Paylaş
ALTI yıl geçti... Barış Selçuk, Hande Mumcu, Salih Peker ve şoförleri Ali Er'i 1994'ün 5 Ağustos günü yitirmiştik.
Zaman su gibi akıyor.
Ama sevilenler asla unutulmuyor.
Barış, sanki omzuma doğru eğilip yine fısıldayacak:
- Baba İsmet, bırak şu çalışmayı da şu evladına yol göster; Hande ile evlenmeye karar verdik, ne dersin? Yaptığımız doğru bir iş mi baba?
İlahi Barış!
Yaşım ilerledi, saçlarıma aklar düştü. Ancak felsefemi biliyorsun: ‘‘Aşk zaten doğruya varıştır.’’ Tutku yolundan sapma evlat! Sev ve mutluluğa koş!
Hande nasıl? Salih ve Ali'yi de çok özledik. Selamlarımı ilet!
* * *
Barış'ın bir de oyun arkadaşı vardı. Ağabeyinin kızı, Pınar.
Barış'a sürekli yazıyor. Bu yılki mektubu yeni elime geçti. Okuyalım:
‘‘Gittin... Tam altı yıl geçti sensiz, Amca.
Yaşamın kıyısından, dünyaya boş gözlerle baktığımız anlar gibi, kahkahalar atarak yakaladığımız sevincin bir dakikaya sığması gibi ansızın gittin.
Şu an radyoda en sevdiğin şarkı çalıyor. MFÖ, 'Güllerin içinden' diyor.
Duyabiliyor musun? Ben bu şarkıyı ikimiz için dinliyorum Amca.
Sen gittikten sonra her şey aynı kaldı ve değişen bir şey yok desem bana inanmazsın.

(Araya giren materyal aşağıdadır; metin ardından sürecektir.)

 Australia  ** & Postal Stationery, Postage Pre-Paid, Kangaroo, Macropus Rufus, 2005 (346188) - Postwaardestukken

Küçük kum karıncan büyüdü. Çocukluğunu ve seni delice özleyen, büyümeye ayak direten kocaman bir kız oldu.
Artık, neden gittiğini merak etmiyorum. Dünyanın adaletini ve yanlışını da sorgulamıyorum. Çünkü, içimde hálá o kadar iyi ve canlısın ki!
Güzel ela gözlerin, tel çerçeveli gözlüklerinin ardında yine ışıl ışıl ve zora düştüğümde her zaman bana yol gösteriyorlar.
Sensizlik çok zor. Daha çok şeyler paylaşacaktık. Güzel günler, güneşli, güzel günler görecektik. Ama sen oyun arkadaşını bu oyunda yalnız bıraktın.
10 yaşındaydım gittiğinde..
Gidişin, küçük kız çocuğunun oyun ve masal dolu dünyasını sarstı.
Sarsıntı, o kızı büyümeye itecek kadar etkileyici ve kesindi. Üstünden, acı ve özlem dolu tam altı yıl akıp geçti. Sen, küçük kız için öyle farklı ve yakındın ki, altı değil altmış yıl geçse ve buralarda olmasan bile, o kızın değişmez oyun arkadaşı ve gizli kahramanı olarak kalacaksın.
Şu anda nerede ve nasıl olduğunu bilmiyorum.
İyi olmanı diliyorum... Ve beni görüyor olmanı istiyorum.
Bana kalırsa, gökyüzündeki en parlak yıldıza oturmuş, çekip gittiğin bu dünyaya göz kırpıyorsun. Üstelik eminim ki beni de görüyorsun.
Ölüm her an tetikte bekliyor. Ama, ben hiç korkmuyorum.
Çünkü hayat beni bıraksa bile, seni bulacağımı biliyorum.
O zaman, gökte parlayan en güzel yıldıza, yanına geleceğim Amca!